Vlad B. Jecan (@vbjecan) holds a Ph.D. in Political Science. He teaches at the University of Georgia at Athens, GA, and is an associate expert at Davastrat

The proposal of Senator Angus King (I-ME) during the recent Senate Intelligence Committee hearing on Google, Facebook, and Twitter bears some weight. Mr. King suggested that Eastern Europe has developed a natural barrier to block propaganda and that Americans should learn from their experience. Indeed, what “fake news” is for the U.S. is “old news” in Eastern Europe. While obviously not immune, in the past century the former communist countries found ways to read (and write) between the lines.

For, you see, simple patterns of distorted or conveniently appropriated truths reveal themselves easily. Patterns that the world found in dystopian novels or in the examples of communist narratives of enforced utopianism aptly explained by Aleksandr Sozhenitsyn and others. These patterns were daily experiences, often tragic, for local intellectuals.

For example, some years ago I read a great work on Romanian military history, specifically about the campaigns of Stefan cel Mare (Stephen the Great), voivode of Moldavia from 1457 to 1504. Published in 1959 by the official press of the Armed Forces of the People’s Republic of Romania, the reading required a bit of intellectual caution and occasional exaggerated hermeneutics.

The opening pages were reserved for the usual ideological parlance: the victory of the proletariat, the courage of peasant troops against invading armies, and that sort of thing. The proletariat was the bulk, the center, the nerve system, and the center of gravity of the defense force. Nothing of this applies to the fifteenth century.

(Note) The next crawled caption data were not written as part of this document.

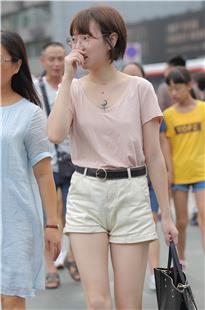 22314-qttjhj21u1g.jpg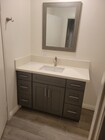 Photo - 725 Ivywood Dr Apartments Unit 727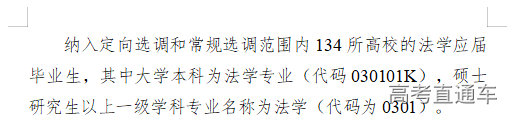 1758163386467878.png image.png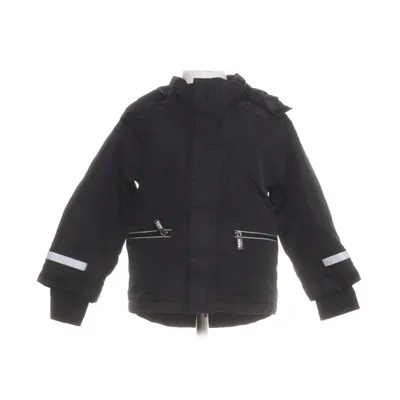 Vinterjacka (PROXTEC) från Kaxs Proxtec Nylon, Polyester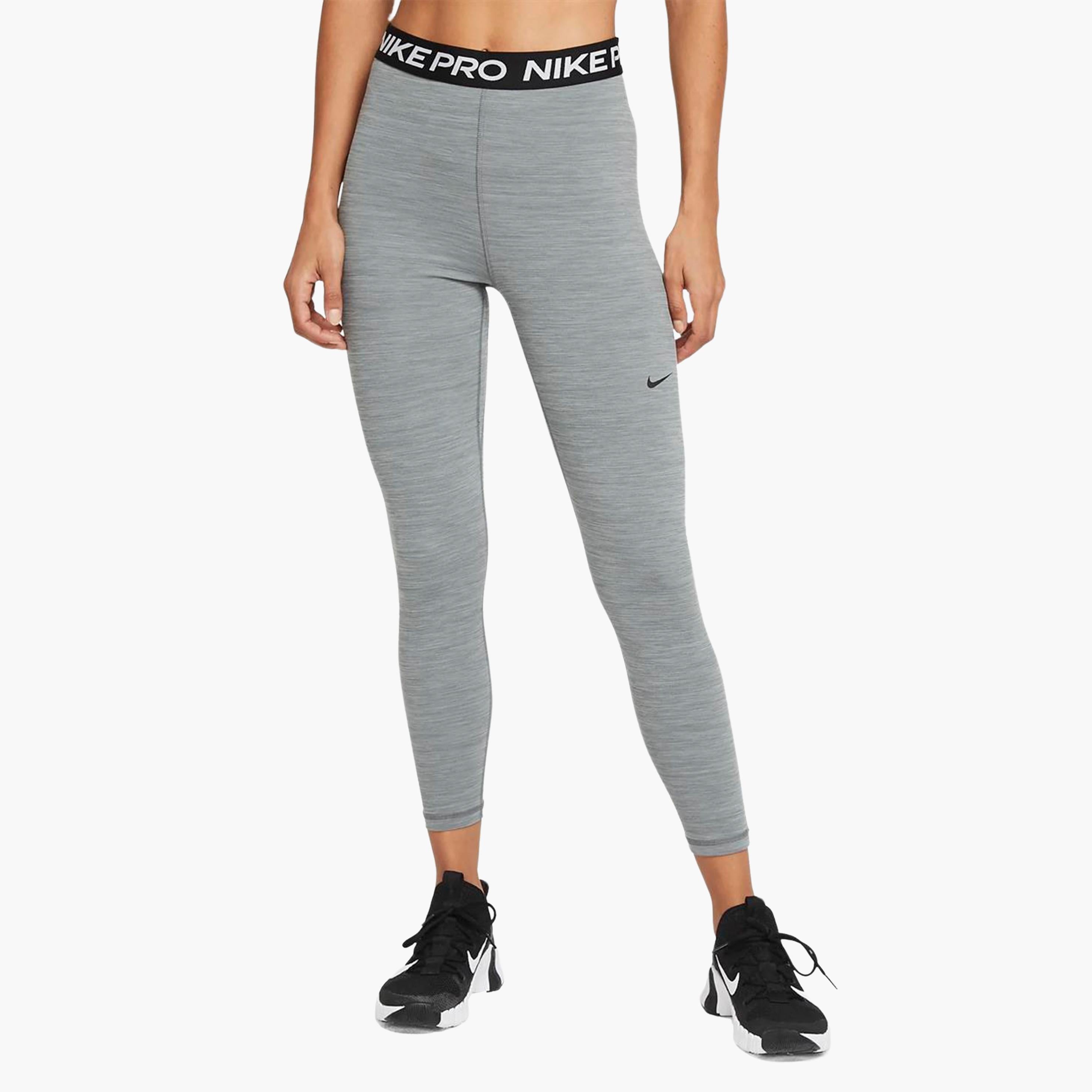Nike Pro 365 Women Legging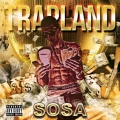 sosa - Welcome to da Trap Intro (Chopped & Screwed)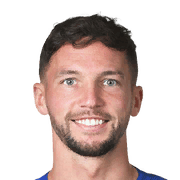 DRINKWATER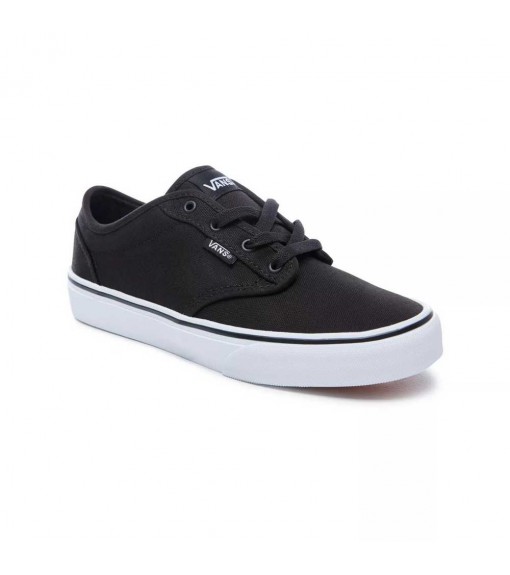 Baskets Vans Active Yt Atwood Enfant VN000KI51871 | VANS Baskets pour enfants | scorer.es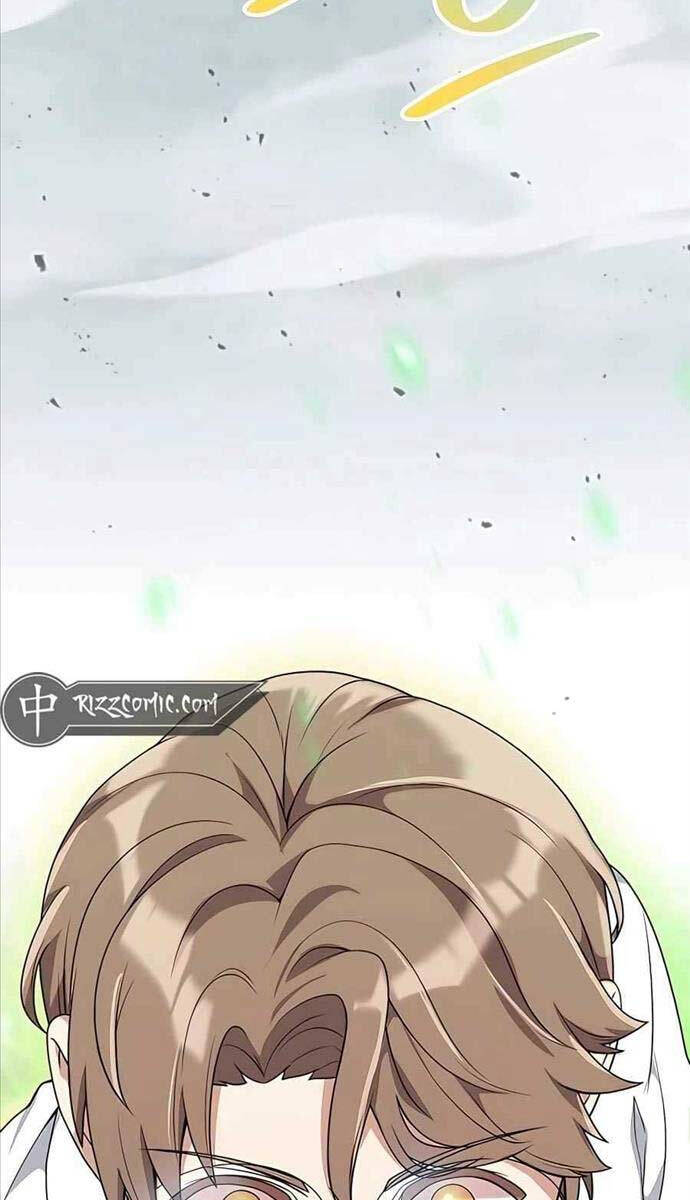 Tôi Làm Vườn Tại Thế Giới Thợ Săn Chap 4 - Next Chap 5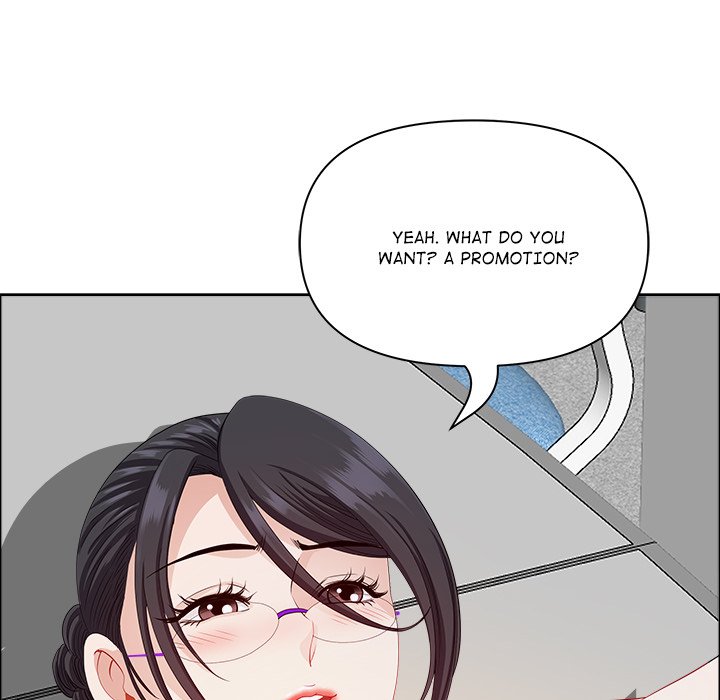 Big Guy Chapter 52 - Page 106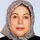 دکتر مهناز نقابت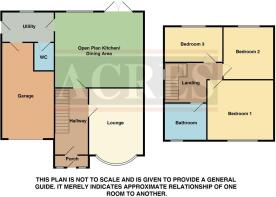 122, Coles Lane, 2D.jpg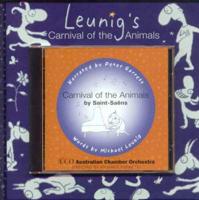 Leunig's Carnival of the Animals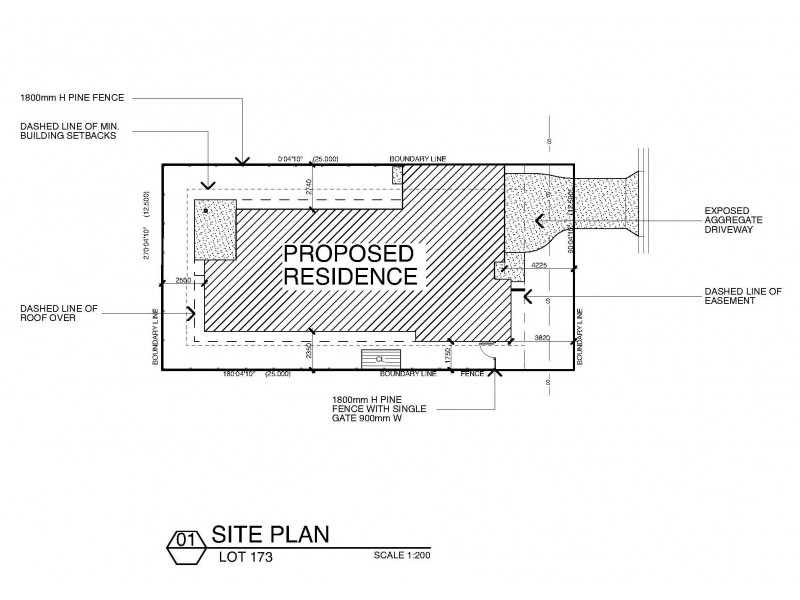 22 Capricorn Cres, Meridan Plains QLD 4551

The book, which I am obliged to recall from memory since I have not been able to find a digital or physical copy here in Atlanta, did its best to evaluate the data that was ideologically irrelevant to the communist censors: military organization, equipment, troop deployment, and so on. Occasionally, however, it became political by dropping arguments in line with current ideological expectations that were carefully crafted to glorify the Romanian peasantry in the field of battle. Their heroism may have been significant against the Ottoman invasion, but probably unverifiable through contemporary historical accounts or battlefield archaeology.

The enemy was the Ottoman army. Stefan’s peasants, confronted, for example, the Ottoman Janissaries: well-trained, well-equipped, elite military units. Common sense tells us that it is highly unlikely that Stefan’s poorly trained and equipped peasant force would prevail in such an armed confrontation regardless of possible territorial advantages. Then how did Stefan win?

Moldova, at the time, had a strong agriculture, exported livestock, while the famous Moldavian horses were sold at high prices throughout Europe. Given economic prosperity, Stefan may have been able to afford the services of experienced mercenaries while regional allies and local recruits supplemented the troops. The book may have been ideological, but it provided the raw economic facts needed to understand what was really going on.

All my undergraduate colleagues and professors understood the need to exercise intellectual caution when studying research published before 1989. After the Revolution of the same year, the need disappeared but the habit remained.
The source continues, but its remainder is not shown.